In middle school, as students first encounter algebra, they may use area models to support their algebraic reasoning around multiplying polynomials. And in an Algebra 2 course they may learn about polynomial division and support their thinking using an area model in the same way they used area models to do division in elementary school. Here Algebra Tiles can be used as physical manipulatives to support student learning.
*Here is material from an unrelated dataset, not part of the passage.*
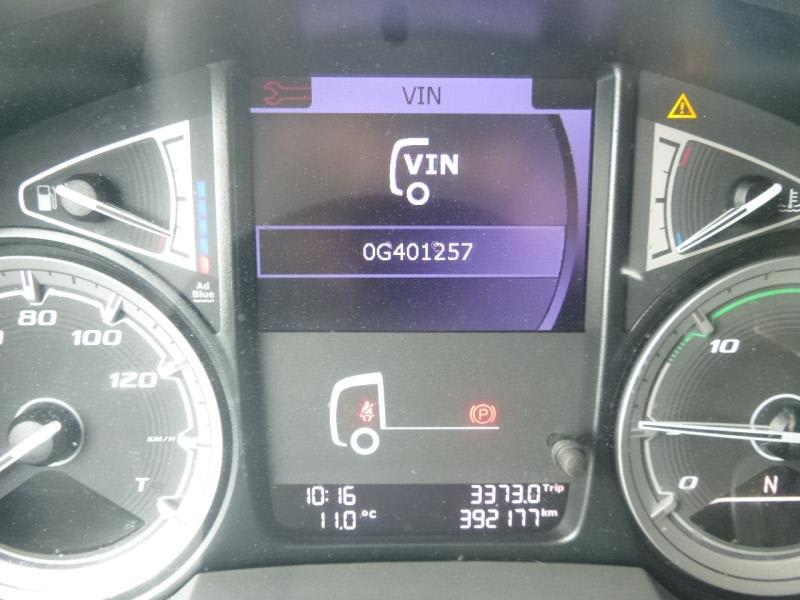 DAF XF 480 FT 4X2 null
Here’s how you might work out $(x+4)(2x+3)$:

$(x+4)(2x+3)=(x)(2x)+(x)(3)+(4)(2x)+(4)(3)$

$(x+4)(2x+3)=2x^2+3x+8x+12=2x^2+11x+12$

Notice also that if you let $x=10$, you obtain the following result from arithmetic:

$14\times 23 = 200+110+12=322$

The Common Core places special emphasis on making such connections. I agree with this effort, even though I can also commiserate with fellow math teachers who say things like, “My Precalculus students still use the box method for multiplying polynomials!” We definitely want to move our students toward fluency, but perhaps we should wait for them to realize that they don’t need their visual models. Eventually most students figure out on their own that it would be more efficient to do without the models.

# Calculus

Later in high school, as students first study calculus, area models can be used to bring understanding to the Product Rule–a result that is often memorized without any understanding. Even the usual “textbook proof” justifies but does not illuminate.
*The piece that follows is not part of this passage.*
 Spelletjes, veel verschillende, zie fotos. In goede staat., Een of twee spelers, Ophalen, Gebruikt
Here’s an informal proof of the Product Rule using an area model:

The “change in” the quantity $L\cdot W$ can be thought of as the change in the area of a rectangle with side lengths $L$ and $W$. That is, let $A=LW$. As we change $L$ and $W$ by amounts $\Delta L$ and $\Delta W$, we are wondering how the overall area changes (that is, what is $\Delta A$?).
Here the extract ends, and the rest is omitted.